Finally, on the part of Mussorgsky, there was the wish to preserve what a comrade in art had created. Such a brotherly impulse not to leave the work of your friends unfinished or destroyed was typical also for the other members of the Mighty Five; it became a Petersburg tradition. And so Dargomyzhsky’s Stone Guest, several operas of Mussorgsky, and Alexander Borodin’s opera Prince Igor were completed posthumously by the friends of the original creators.
This Petersburg ritual of preserving any creative spark dear to the heart was important for Shostakovich, too, who completed and orchestrated the opera Rothschild’s Violin, by his student Veniamin Fleishman, fallen in the battle for Leningrad in 1941.

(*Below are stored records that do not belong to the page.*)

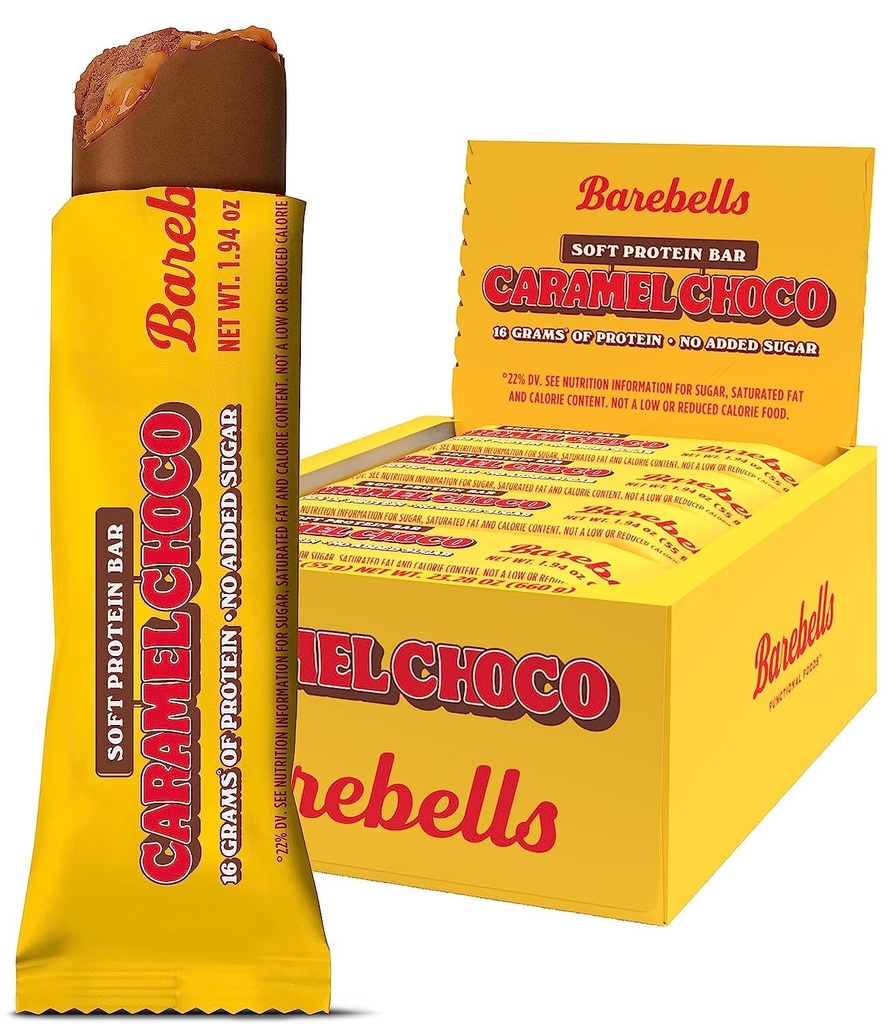Barebells Soft Protein Bars Caramel Choco - 12 Count, 1.9oz Bars - Protein Snacks with 16g High Protein - Fluffy Chocolate Protein Bar with 2g Total Sugars - Soft Protein Snack & Breakfast Bars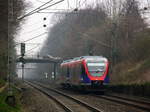 Ein Nachschuss von Zwei Euregiobahn (RB20) kommen aus Langerwehe-Stolberg-Altstadt nach  Stolberg-Rheinland-Hbf aus Richtung Aachen-West,Laurensberg,Richterich und hilten in Kohlscheid und fahren in Richtung Herzogenrath. 
Aufgenommen von Bahnsteig 2 in Kohlscheid. 
Bei Wolken am Kalten Morgen vom 24.3.2017.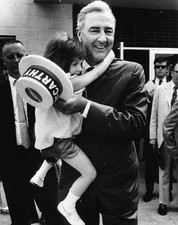 1968 Candidate GENE McCARTHY  & Young Supporter in Richmond Airport PHOTO (180-h picture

Composed to a specially written text by Arseny Golenishchev-Kutuzov, the author of the poems for Mussorgsky’s song cycle Sunless, in the spirit of Dostoyevsky, Mussorgsky’s “Forgotten” is striking in its lapidary expressiveness. Depicting in a mere twenty-seven measures not only a soldier’s death in battle, his body devoured by vultures, but also the sorrowful lullaby that appears and vanishes unexpectedly—the song of the peasant woman who waits in vain for her husband—Mussorgsky’s small masterpiece of the ballad far surpasses Vereshchagin’s obvious and rhetorical painting, which we know from reproductions. As in the case of Pictures at an Exhibition, the composer’s tribute to an artist brought the work that served as his creative impulse real fame and the recognition of posterity.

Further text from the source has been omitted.